The results derived above show that the ${\text{SNR}}_{\text{Hot}}^2$ keeps growing as the exposure time increases only for the r_s ≤ r_b case. Otherwise, ${\text{SNR}}_{\text{Hot}}^2$ is upper limited. Furthermore, ${\text{SNR}}_{\text{Hot}}^2$ grows as the signal intensity grows, and it decreases if the background intensity and/or the lump density p increases. The peculiar behavior we have in the r_s > r_b case can be intuitively explained by noting that the signal has a Gaussian shape, so do the lumps in the background. If the signal is wider that the lumps, it is possible to have a false positive when a few lumps cluster at the signal location in such a way that they actually look like the signal we are looking for. On the other hand, when the signal is narrower that the lumps (r_s < r_b), false positives are reduced because no lump arrangement will look like the signal we are to detect.
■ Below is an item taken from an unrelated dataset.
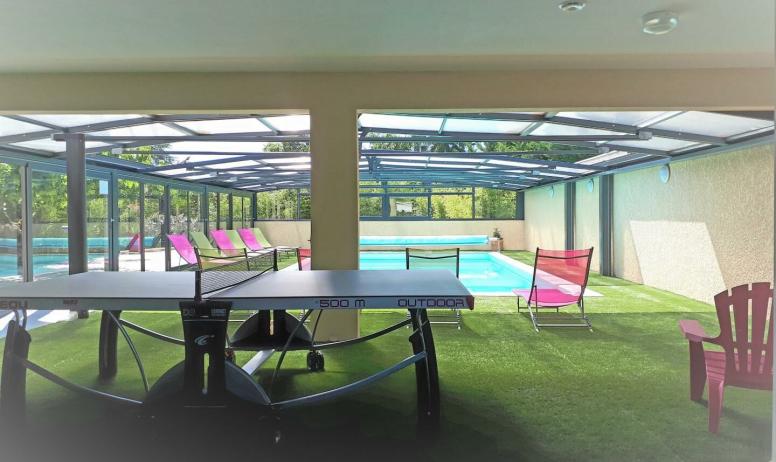 Gîtes de France - LE SÉJOUR ARDÉCHOIS : piscine couverte et chauffée toute l'année, ping-pong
The r_s = r_b case deserves a different discussion. One could argue that because r_s = r_b, a background lump placed at r = (0, 0) could mistakenly be interpreted as the signal Δf we want to detect, which in our case is indeed centered at (0, 0) and it is a scaled version of the lump function ℓ(r). Thus, the ${\text{SNR}}_{\text{Hot}}^2$ should be bounded when r_s = r_b. However, if we recall that the lump centers r₁, …, r_K are 2D points uniformly distributed over a square of size w × w, we immediately realize that the probability of having a lump centered at (0, 0) is zero. Thus, with probability 1, a lump centered at (0, 0) must be understood as the signal Δf.

7. Summary and Conclusions

In this paper, we have considered the problem of signal detection with list-mode data. Two observers have been considered: the ideal observer and the optimal linear observer, known in the literature as the Hotelling observer. Three distinct processes are involved in the development of these observers: randomness in the object being imaged, randomness in the attribute vectors, and, finally, randomness in their estimates from noisy detector outputs. The detection problems we have considered are detection of a known signal in a known background and detection of a known signal in a random background. Associated figures of merit have been calculated as well. In particular, the ideal observer’s SNR² is found to be asymptotically proportional to the exposure time. The optimal linear observer is applied to list-mode data in an example at the end of the paper. A followup paper on the Markov chain Monte Carlo calculation of SNR² for the ideal observer is currently under preparation.